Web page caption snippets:
= Beginning of Section =
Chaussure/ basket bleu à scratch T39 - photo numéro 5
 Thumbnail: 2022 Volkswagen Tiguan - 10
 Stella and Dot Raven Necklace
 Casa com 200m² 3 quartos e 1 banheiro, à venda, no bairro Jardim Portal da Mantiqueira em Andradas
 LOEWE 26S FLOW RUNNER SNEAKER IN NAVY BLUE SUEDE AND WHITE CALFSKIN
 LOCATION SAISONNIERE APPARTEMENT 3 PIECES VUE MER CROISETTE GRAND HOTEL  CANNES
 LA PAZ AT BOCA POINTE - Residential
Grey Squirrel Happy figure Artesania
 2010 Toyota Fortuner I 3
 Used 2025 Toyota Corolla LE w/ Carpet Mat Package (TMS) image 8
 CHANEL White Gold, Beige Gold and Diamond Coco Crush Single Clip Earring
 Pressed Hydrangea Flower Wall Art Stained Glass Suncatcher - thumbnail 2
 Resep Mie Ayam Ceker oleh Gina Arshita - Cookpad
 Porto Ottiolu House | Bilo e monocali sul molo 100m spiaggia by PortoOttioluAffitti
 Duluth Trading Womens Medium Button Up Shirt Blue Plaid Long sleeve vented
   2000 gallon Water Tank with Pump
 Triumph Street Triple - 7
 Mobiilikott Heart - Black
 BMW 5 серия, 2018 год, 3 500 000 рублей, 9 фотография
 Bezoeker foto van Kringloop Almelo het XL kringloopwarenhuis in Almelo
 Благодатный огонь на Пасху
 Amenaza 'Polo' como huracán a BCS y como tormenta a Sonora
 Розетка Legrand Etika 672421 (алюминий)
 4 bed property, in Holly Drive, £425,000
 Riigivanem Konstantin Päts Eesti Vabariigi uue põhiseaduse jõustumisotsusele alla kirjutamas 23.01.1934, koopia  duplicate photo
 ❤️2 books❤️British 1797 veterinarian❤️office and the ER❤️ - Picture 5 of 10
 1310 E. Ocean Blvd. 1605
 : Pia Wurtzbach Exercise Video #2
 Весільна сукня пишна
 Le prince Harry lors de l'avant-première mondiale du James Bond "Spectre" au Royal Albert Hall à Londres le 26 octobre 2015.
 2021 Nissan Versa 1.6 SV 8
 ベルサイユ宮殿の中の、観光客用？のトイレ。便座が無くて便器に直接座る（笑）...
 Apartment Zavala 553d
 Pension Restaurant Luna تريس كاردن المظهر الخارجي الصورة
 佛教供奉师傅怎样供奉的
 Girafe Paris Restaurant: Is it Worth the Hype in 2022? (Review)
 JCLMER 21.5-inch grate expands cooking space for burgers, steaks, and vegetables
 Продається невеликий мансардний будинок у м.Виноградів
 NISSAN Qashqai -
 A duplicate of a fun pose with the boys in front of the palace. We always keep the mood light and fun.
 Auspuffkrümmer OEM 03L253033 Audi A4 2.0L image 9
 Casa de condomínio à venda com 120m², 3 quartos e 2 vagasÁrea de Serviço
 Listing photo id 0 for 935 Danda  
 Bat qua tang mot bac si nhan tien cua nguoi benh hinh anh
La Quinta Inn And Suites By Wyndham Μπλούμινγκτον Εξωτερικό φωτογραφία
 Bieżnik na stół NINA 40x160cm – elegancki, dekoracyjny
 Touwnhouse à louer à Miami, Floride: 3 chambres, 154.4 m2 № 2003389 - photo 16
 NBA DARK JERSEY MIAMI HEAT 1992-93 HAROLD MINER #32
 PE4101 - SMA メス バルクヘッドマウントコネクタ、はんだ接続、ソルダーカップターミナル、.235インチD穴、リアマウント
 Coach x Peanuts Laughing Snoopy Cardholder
= End of Section =
WHAT YOU NEED TO DO: Exactly the lines above from the one with "1310 E. Ocean Blvd. 1605" to the one with "La Quinta Inn", both included, are to be quoted; leave the rest out.

TASK OUTPUT:
 1310 E. Ocean Blvd. 1605
 : Pia Wurtzbach Exercise Video #2
 Весільна сукня пишна
 Le prince Harry lors de l'avant-première mondiale du James Bond "Spectre" au Royal Albert Hall à Londres le 26 octobre 2015.
 2021 Nissan Versa 1.6 SV 8
 ベルサイユ宮殿の中の、観光客用？のトイレ。便座が無くて便器に直接座る（笑）...
 Apartment Zavala 553d
 Pension Restaurant Luna تريس كاردن المظهر الخارجي الصورة
 佛教供奉师傅怎样供奉的
 Girafe Paris Restaurant: Is it Worth the Hype in 2022? (Review)
 JCLMER 21.5-inch grate expands cooking space for burgers, steaks, and vegetables
 Продається невеликий мансардний будинок у м.Виноградів
 NISSAN Qashqai -
 A duplicate of a fun pose with the boys in front of the palace. We always keep the mood light and fun.
 Auspuffkrümmer OEM 03L253033 Audi A4 2.0L image 9
 Casa de condomínio à venda com 120m², 3 quartos e 2 vagasÁrea de Serviço
 Listing photo id 0 for 935 Danda  
 Bat qua tang mot bac si nhan tien cua nguoi benh hinh anh
La Quinta Inn And Suites By Wyndham Μπλούμινγκτον Εξωτερικό φωτογραφία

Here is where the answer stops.